La galoppante espansione elettronica non sta però solo cominciando a sconvolgere le care vecchie praterie bancarie, ma sta anche generando una nuova filosofia delle scommesse nei rodei finanziari tra i popoli. La possibilità tecnica di profilare profondamente – culturalmente, socialmente, psicologicamente, politicamente, sessualmente, ecc. – ogni singola persona e interi gruppi accedenti alla rete, consente ormai di creare mode, tendenze, stili, appartenenze, neo tribalismi linguistici, simbolici, segnici, ecc., che hanno il loro fondamento proprio nel gioco delle relazioni che sul web si possono tracciare e intrecciare. Ossia che ognuno può tentare di tracciare, inventare, annodare, rimandare, amplificare. Il gioco è potenzialmente aperto a tutti, ognuno può scommettere contro. Contro il proprio essere nulla, nessuno nel grande magma elettronico che frigge invece di possibilità astronomiche. Ognuno si fa insieme produttore&consumatore, prosumer. Ognuno è domanda&offerta economica senza più distinzione: si offre, infatti, sul mercato quale irripetibile singolarità che immediatamente crea una domanda personalizzata fino alle più intime e inconsce pulsioni individuali.
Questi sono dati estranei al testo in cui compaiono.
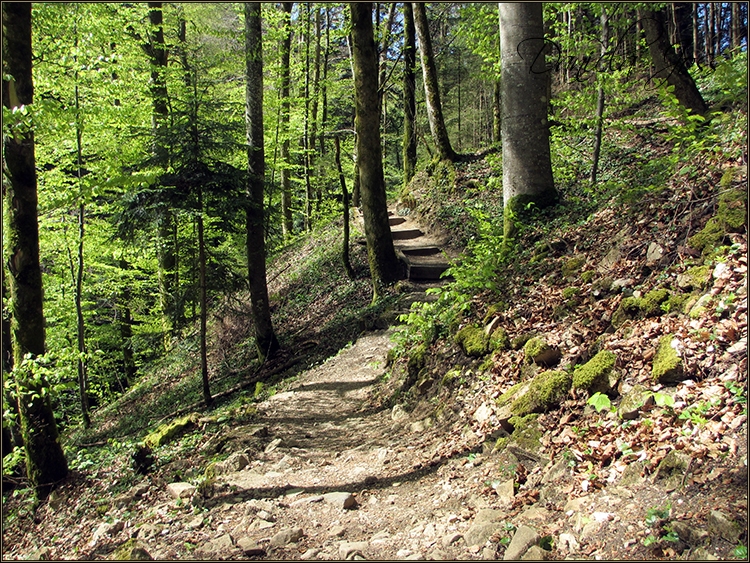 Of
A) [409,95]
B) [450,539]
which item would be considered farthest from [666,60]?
[409,95]

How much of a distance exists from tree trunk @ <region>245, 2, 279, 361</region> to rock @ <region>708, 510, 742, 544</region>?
7.28m

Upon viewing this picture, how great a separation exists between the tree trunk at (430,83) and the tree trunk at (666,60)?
7.22m

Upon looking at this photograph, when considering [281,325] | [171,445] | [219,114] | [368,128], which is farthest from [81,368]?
[368,128]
L’universo del finanziariamente sfruttabile in rete, ossia riconducibile a profitto economico, si amplia galatticamente. E la modalità della scommessa come aspetto scoperto del gioco d’azzardo, da start up creativa, pervasiva, virale sarà sempre più il suo carburante spaziale. Nella gara, nella corsa, nel nuovo gioco olimpico non sarà importante vincere ma partecipare a chi riempirà non solo più velocemente ma anche più spontaneamente il sacco del rapinatore tecno-capitalista.